Free voluntary reading. We learn to read by reading. Self-selected reading for pleasure (0:53) is a major factor in literacy development. No book reports. No chapter quizzes. No vocabulary lists. The best teachers find their students interests and then they help their students find books that match those interests. Did you see the look on that old man's face (0:18) when he looked up at his son's poster in the book store's window? That's the look teachers look for. Where there is interest, achievement follows. The best teachers look for that look on their students' faces and then artfully guide them to books that they might never have found on their own.

Phonics for a purpose. All wars are ultimately destructive and the war between phonics and whole language is no exception. A child who is good at phonics is good at decoding symbols and their sounds. In my daughter's grade 1 class, I remember when a little girl announced to the class that the T-H brothers are bad boys because they make you stick out your tongue like this, and then she showed us. It's true that you cannot read an alphabetic language without using and learning phonics, but reading is more than decoding. Phonics is a means to an end -- the end being reading. Did you notice that while the old man was learning the alphabet (0:20) that he simultaneously began to use the alphabet in a game of scrabble (0:30) with his peers, played a practical joke (1:01) and hit on his wife (1:12)? Stephen Krashen reminds us: "I am not saying, 'If it feels good, it’s good for you', but if we’re doing it right, it should feel good. If we’re doing literacy and language development right, teachers and students should be having a pretty good time. If there's pain, something's really wrong." Krashen reminds us that "There is a difference between extensive systematic phonics (teaching all rules to all children in a strict order) and basic phonics, teaching the rules that are straightforward and that actually help make texts more comprehensible." For more on this check out Stephen Krashen's website.

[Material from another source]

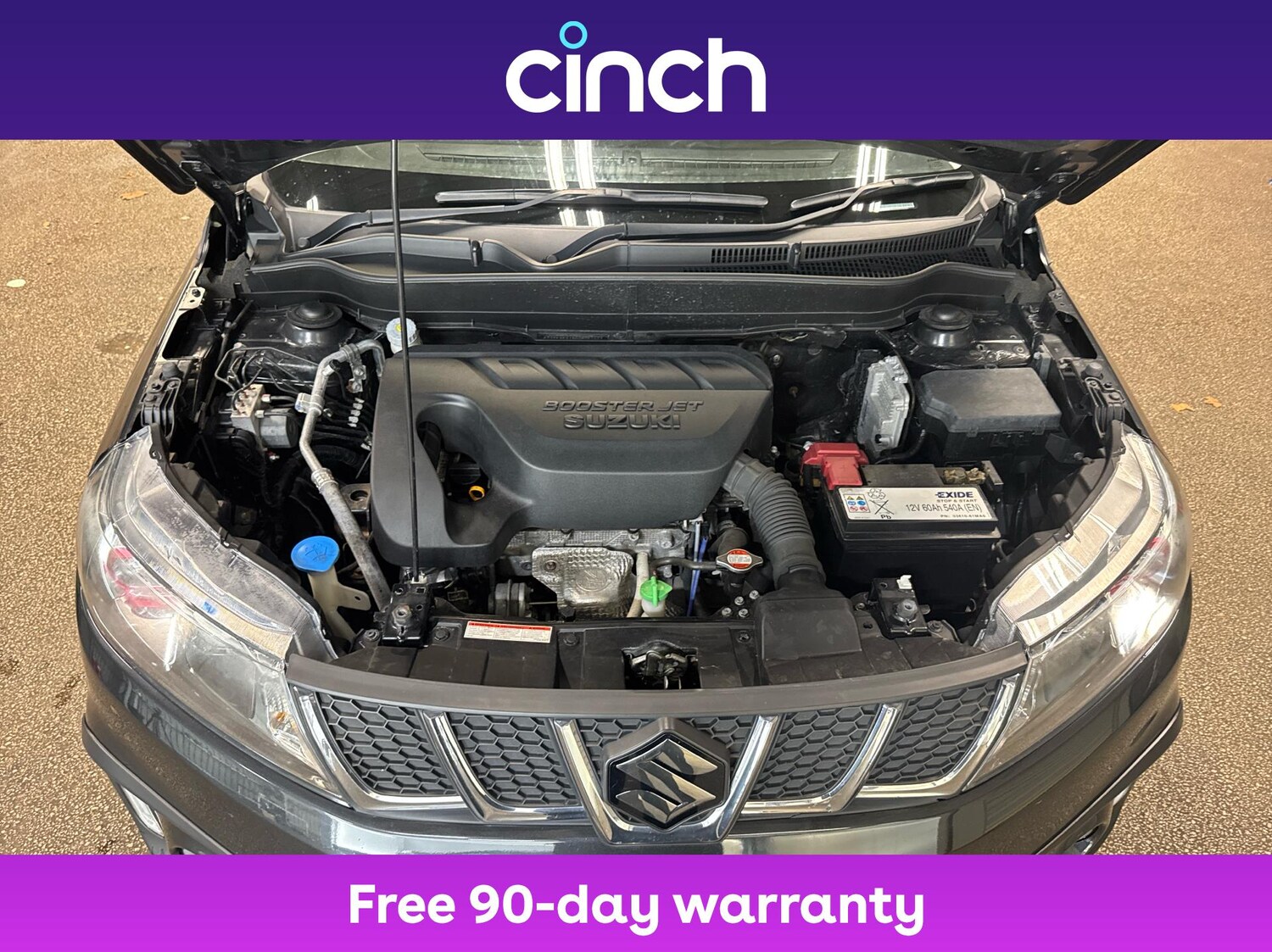 Used Suzuki Vitara 2018 for sale - 76884330: Photo 23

Belonging to a literacy club. When children aspire to be members of the literacy club, we can learn to read and write. The best way to inspire children to join the literacy club is for them to see the people they think the most of in their life reading and writing. The old man wants to join the literacy club because his son is a member -- their relationship inspires an interest. When teachers and parents allow reading and writing to needlessly sour our relationships with students, we convince children that they are not members of the literacy club. Children will reject us before we can reject them which leads them to say "I'm not a member of the literacy club, but that's okay, I wouldn't want to be a member anyways".

Just-in-time feedback. Students should experience their successes and failures not as reward and punishment but as information. Students need their teachers and parents to be less like referees and more like coaches. They don't need to be ranked and sorted -- they need feedback that will help them learn. What if we mostly taught grammar and spelling to children while they are editing and revising their own writing? Assessment is not a spreadsheet -- it's a conversation that needs to happen between the student and the teacher. The old man gets feedback (0:33, 0:35, 0:40, 0:46) he needs from his teachers and his peers so that he can learn to read. No testsandgrades required.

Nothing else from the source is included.